Uploaded image for project: 'WiredTiger'
  1. WiredTiger
  2. WT-1315

Support for multi-index searches / inner joins

    Details

    • Type: Task
    • Status: Resolved
    • Priority: Major - P3
    • Resolution: Fixed
    • Affects Version/s: None
    • Fix Version/s: WT2.7.0
    • Labels:

      Description

      Trying to capture the fundamental requirements here in generic terms here, would be happy to do even more in-detail practical examples etc. as required.

      High-level background

      One common pattern we have is to have one primary table with ‘business objects’ (BO) that uses e.g. an ‘UUID’ as the primary key (tweaked to be temporally sortable with a custom collator), and a number of secondary indices (SI-1..SI-n) of various types (UUIDs, custom DateTimes, integers, strings, …).
      We need to serve a complex query of data (arbitrary complexity referencing any number of attributes of the BO, range checks, equality checks, with typical logical operators etc.).

      Our current implementation makes an analysis of the query to find ‘candidate indexes’ and takes the one with the ‘highest priority’ (as pre-defined by a human at compile time) and uses that to make a rough initial filtering on either the range or equality test relevant for that index, then we post-process the results with our own custom decision diagram filtering (which is also later used for filtering live updates going forward) before returning data to the querying client.
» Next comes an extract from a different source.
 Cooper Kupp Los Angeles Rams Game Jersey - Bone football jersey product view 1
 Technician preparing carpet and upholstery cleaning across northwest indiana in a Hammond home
      Some of the queries would benefit tremendously of applying multiple indexes simultaneously, as it can e.g. be a combination of date-time range and the user owning a given BO. A simple example would be ’give me all my BO modified in the last week which are owned by user X’, where we have both a date-time and user index available - the individual indexes are both half-bad, but in combination they would yield a very good rough initial filtering.

      Multi-index searching

      Essentially what we are looking for is inner joins / multi-index searching capabilities, which would allow us to apply multiple indexes to our read cursors, both with range and equality checks using custom comparators/collators. We are primarily looking at AND:ing the secondary index queries.

      We discussed one way to implement this ourselves previously (for AND with multiple indexes). The idea was to create a bloom filter based on the primary key for each secondary index except one, merge all of those bloom filters together, and then iterate over the final remaining secondary index and check vs. the aggregated bloom filter for existence. As the Bloom would guarantee no false negatives, we would be able to discard any record returned from the final index scan that did not exist in the Bloom. A false positive we can easily handle in our final post-filter stage anyhow (as we usually would have additional filter criteria on things that are not indexed, we need to do this regardless).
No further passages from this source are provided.